____ DATASET RECORDS

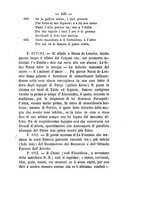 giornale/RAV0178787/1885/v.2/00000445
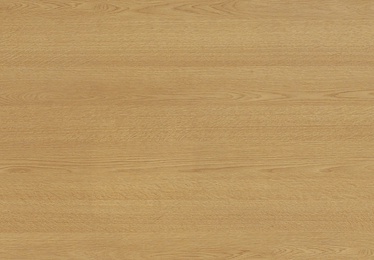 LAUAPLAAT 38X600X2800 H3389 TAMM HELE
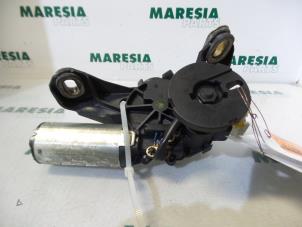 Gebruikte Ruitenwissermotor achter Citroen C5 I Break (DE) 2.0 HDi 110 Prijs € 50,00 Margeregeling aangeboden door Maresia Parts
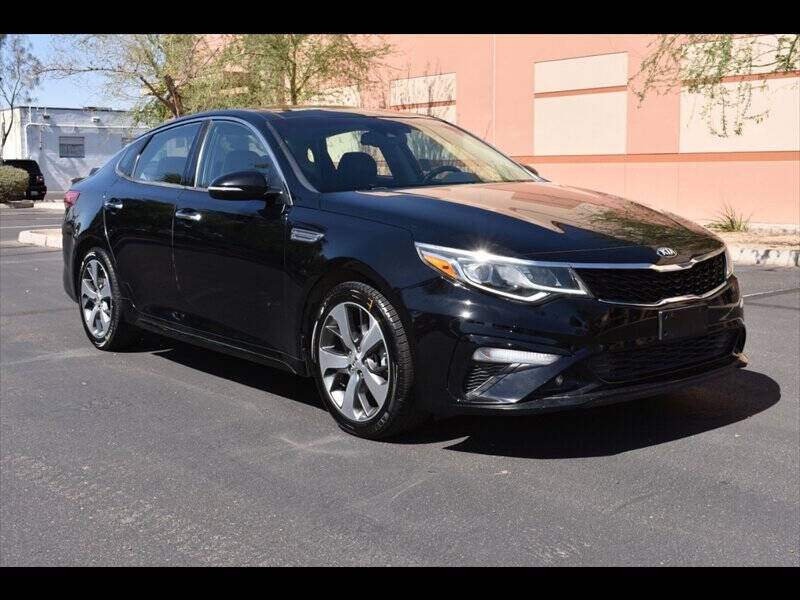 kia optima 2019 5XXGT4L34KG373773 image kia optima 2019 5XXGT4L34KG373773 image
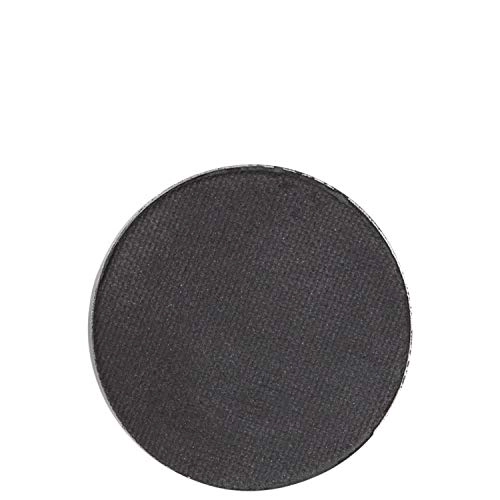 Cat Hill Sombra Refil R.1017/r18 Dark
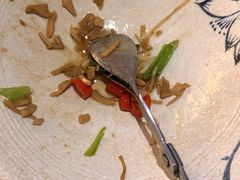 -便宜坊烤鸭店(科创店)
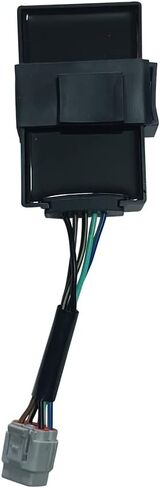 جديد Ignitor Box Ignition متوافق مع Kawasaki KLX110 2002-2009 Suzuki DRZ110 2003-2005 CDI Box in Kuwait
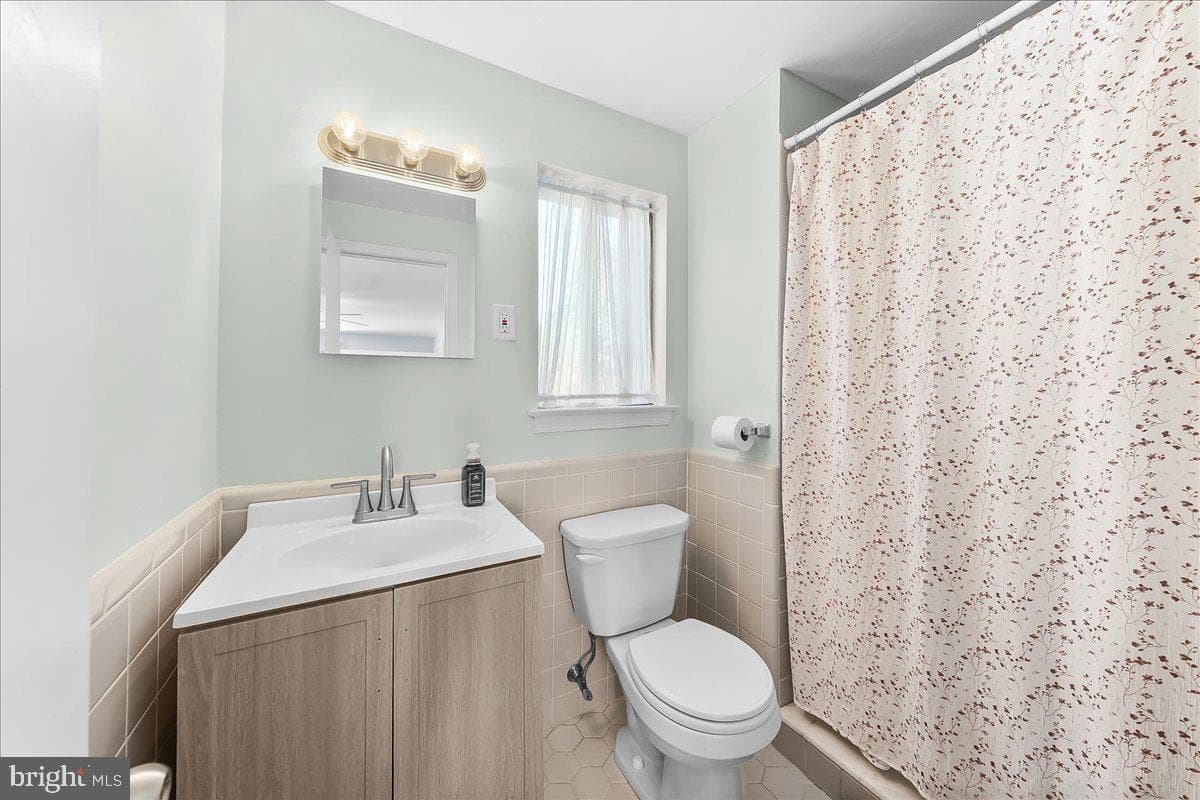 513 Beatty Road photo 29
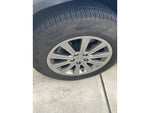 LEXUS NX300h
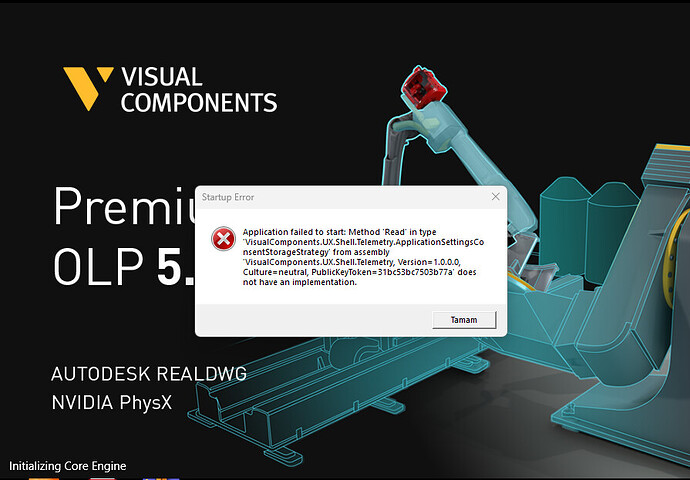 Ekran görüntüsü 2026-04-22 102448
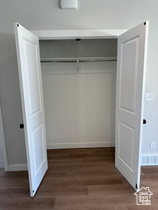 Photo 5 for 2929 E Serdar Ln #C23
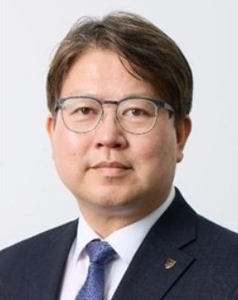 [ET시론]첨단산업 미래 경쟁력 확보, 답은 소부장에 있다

________

## EXERCISE DETAILS
The material above should be repeated word for word, with every picture omitted.

## OUTPUT FOR THIS EXERCISE
 giornale/RAV0178787/1885/v.2/00000445
 LAUAPLAAT 38X600X2800 H3389 TAMM HELE
 Gebruikte Ruitenwissermotor achter Citroen C5 I Break (DE) 2.0 HDi 110 Prijs € 50,00 Margeregeling aangeboden door Maresia Parts
 kia optima 2019 5XXGT4L34KG373773 image kia optima 2019 5XXGT4L34KG373773 image
 Cat Hill Sombra Refil R.1017/r18 Dark
 -便宜坊烤鸭店(科创店)
 جديد Ignitor Box Ignition متوافق مع Kawasaki KLX110 2002-2009 Suzuki DRZ110 2003-2005 CDI Box in Kuwait
 513 Beatty Road photo 29
 LEXUS NX300h
 Ekran görüntüsü 2026-04-22 102448
 Photo 5 for 2929 E Serdar Ln #C23
 [ET시론]첨단산업 미래 경쟁력 확보, 답은 소부장에 있다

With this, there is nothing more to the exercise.